_DATASET SECTION_
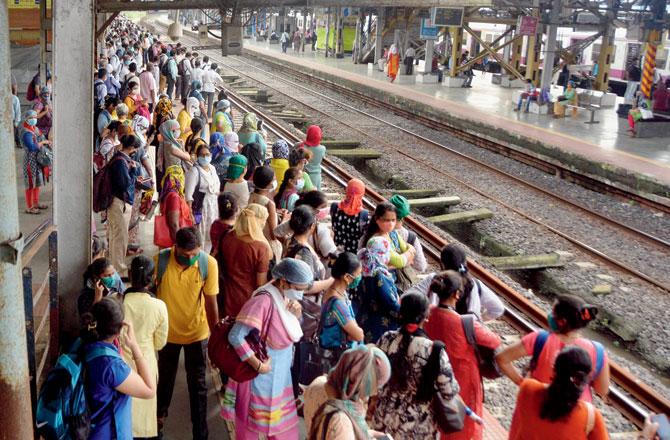Passengers wait on a platform at Kurla, on Monday. Since June, 16 people died after falling off moving trains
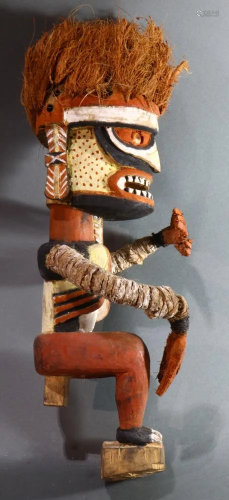 A Malanggan carved wood figure with orange ra…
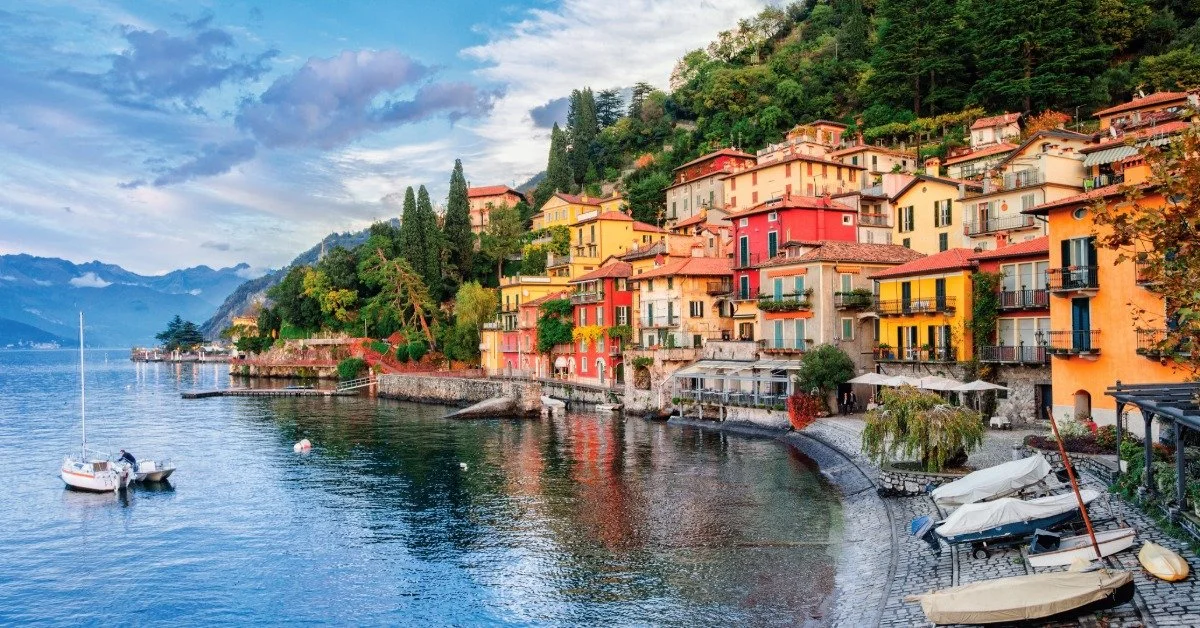 A village with tall yellow homes sits nestled into the hillside of mountains on one side and the shore of the lake on the other.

_EXERCISE GOAL_
With the pictures left out, return the listing above exactly as it stands.

_ANSWER BELOW_
Passengers wait on a platform at Kurla, on Monday. Since June, 16 people died after falling off moving trains
 A Malanggan carved wood figure with orange ra…
 A village with tall yellow homes sits nestled into the hillside of mountains on one side and the shore of the lake on the other.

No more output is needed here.